Prof. Linda Griffith speaks with Wired reporter Sarah Zhang about her work developing chips that can mimic human organs in an effort to better understand interactions between the immune system and the liver. Griffith is currently working to connect at least 10 miniature organs on a chip to study, for example, how breast cancer can spread to the liver.
MIT researchers have discovered that a bacterium found in the human mouth can be used to form a new CRISPR gene-editing system that can target RNA, reports Carl Zimmer for The New York Times. The development “may open up a new front in gene engineering, gaining the ability to precisely adjust the proteins in cells, for instance, or to target cancer cells."
New Scientist reporter Colin Barras writes that MIT researchers have found they can program C2c2, an enzyme found in bacteria, to serve as an RNA-editing tool. Barras writes that the tool “promises to transform our understanding of RNA’s role in our growth and development, and provide a new avenue for treating infectious diseases and cancer.”
Michael Le Page writes for New Scientist that MIT researchers have developed a technique that allows cells to log their activities using the CRISPR gene-editing system. Le Page explains that “such CRISPR-based logging could have a huge range of uses, from smart cells that monitor our health from within, to helping us understand exactly how our bodies develop.”
In an article for The Huffington Post, Susan Blumenthal highlights how researchers from MIT have developed a paper-based test for diagnosing the Zika virus. Blumenthal writes that “the test consists of a paper covered with yellow dots that turns purple in the presence of the RNA of the virus.”
Huffington Post reporter Carolyn Gregoire writes that MIT spinoff Synlogic is working on reprogramming gut bacteria to act as a living therapeutic. “It’s become really clear that the bacteria living in us and on us affect our bodies in a variety of different ways — in ways that we never imagined,” explains Prof. Timothy Lu.

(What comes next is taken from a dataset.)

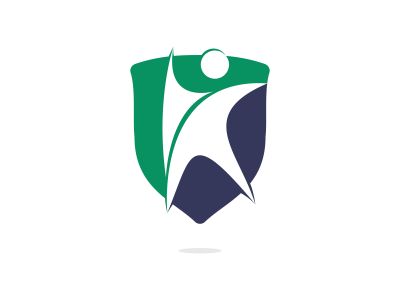 Human character health logo design. Fitness and health abstract logo design. Active human logo medical logo concept.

MIT researchers have developed a programming language that allows users to design DNA circuits for living cells, writes Andy Coghlan for New Scientist. “We take the same approach as for designing an electronic chip,” says Prof. Christopher Voigt. “Every step in the process is the same – it’s just that instead of mapping the circuit to silicon, it’s mapped to DNA.”
Christopher Intagliata reports for Scientific American about the programming language Prof. Christopher Voigt’s team developed for living cells. Intagliata explains that, “the researchers used the platform to design 60 genetic circuits, which they then ran inside E. coli bacteria. Many of these DNA-based circuits allow bacteria to sense environmental data…and respond in various ways.”
MIT researchers have developed a programming language for living cells, reports Erika Check Hayden for Nature. “What we’re finding over time is that biology isn’t this kind of mysterious unpredictable substrate; it just felt that way because we didn’t really have the tools to see what was going on,” Prof. Christopher Voigt says.